It's happening in that sector right now, and you have a collision of shit causing a lot of problems. The cheap money typically leads to people buying houses (low interest rates r gud). However, we're straight up running out of houses for peoople to move in to. The GSO area typically has something like 4,000 SFH's on the market at any given time. We're in a world where that's more like 40 at any given time right now. Same thing as the 2x4 - demand is out-stripping supply. But then you've also got the added problem of Rufus - my 60-something buddy who wants to build a house, but won't put his house on the market, because lumber prices are too high to build a new home. So those inflationary bubbles start to merge.
makes sense, the DC market is interesting in that regard too. we've got new housing laws about density and affordability that i'm sure are constrained by these same supply chain concerns as well. totally different thing, i know, but still of interest.
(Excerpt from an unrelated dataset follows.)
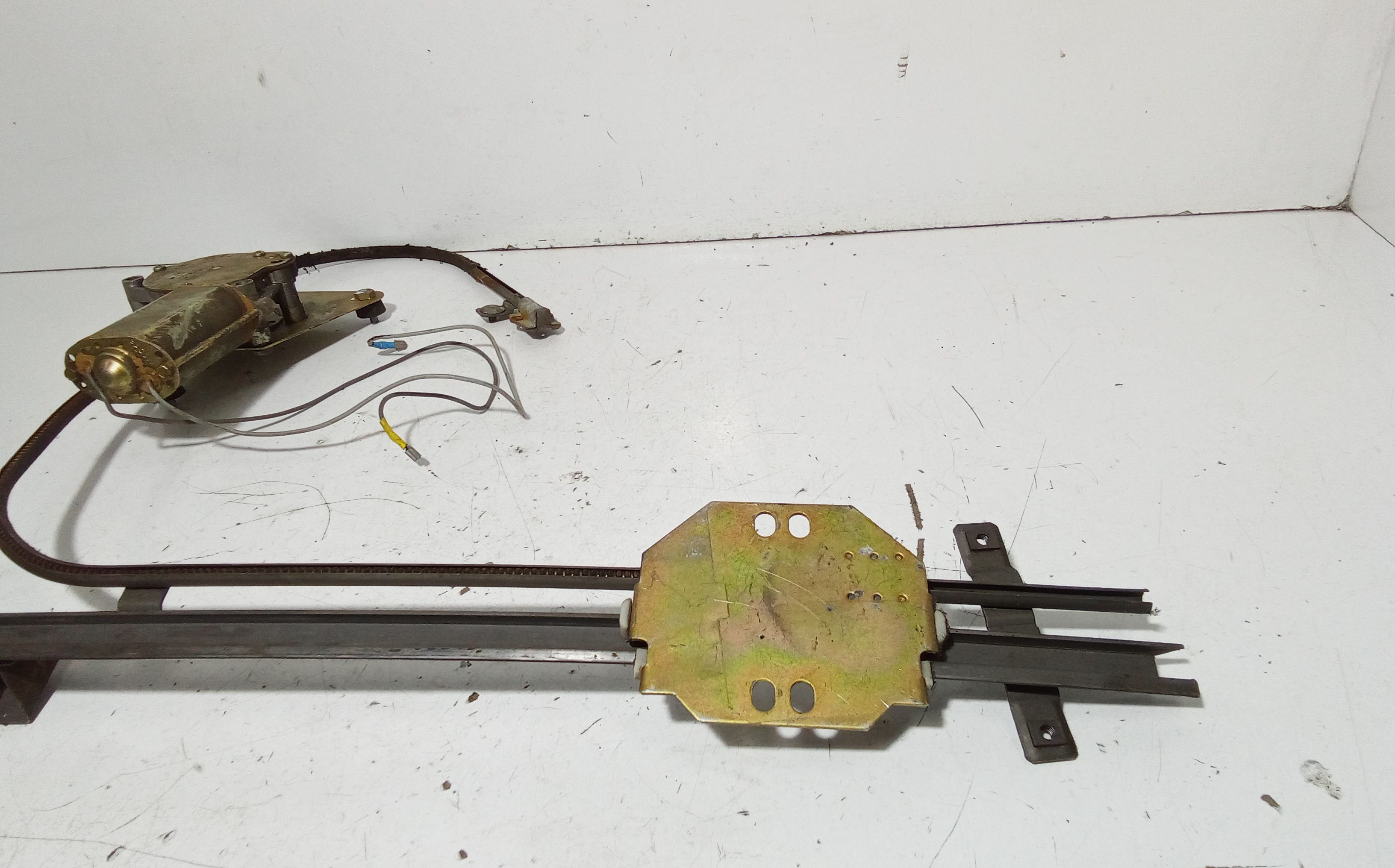 Cremagliera anteriore sinistra Guida LANCIA Trevi Serie (828_) (80>87)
Couple that with my most-often-used HVAC contractor being STRAIGHT FUCKED. All of his best techs have been fired or won't come back from a layoff because they are slaying it in unemployment. So he's dicking around with garbage techs that - I shit you not - have come back over 20 times to the last job they did for me (typically, new SFH should have 4 maybe 5 HVAC visits). Stack on top of that a totally wild problem getting new/replacement HVAC parts that are totally fucking random. Register vents? We have 123124,42,35435463 of them. Motherboards for furnaces? We have negative 234249328 of them and we're backordered so deep in the ass that you'd better consider fucking geothermal.
i'd argue (at least theoretically anyway) that this is precisely the kind of case study we need to be discussing regarding UBI. there are studies in europe about paying people not to work that go well beyond just our paltry unemployment spending. they still tend to conclude that people want to work on the whole, and until i see good large scale data to suggest otherwise, i think these are short term effects of not right-sizing welfare spending. because more jobs are going to go away, and that doesn't have to be a bad thing. our productivity has so far outstripped wage and social spending growth that something has to eventually give.
It's cool to say, "awww...yeah, macro economic policy and shit," but the economy is usually an ocean, but right now it is acting like a fucking four year old in a bathtub sloshing fucking water on the ceiling.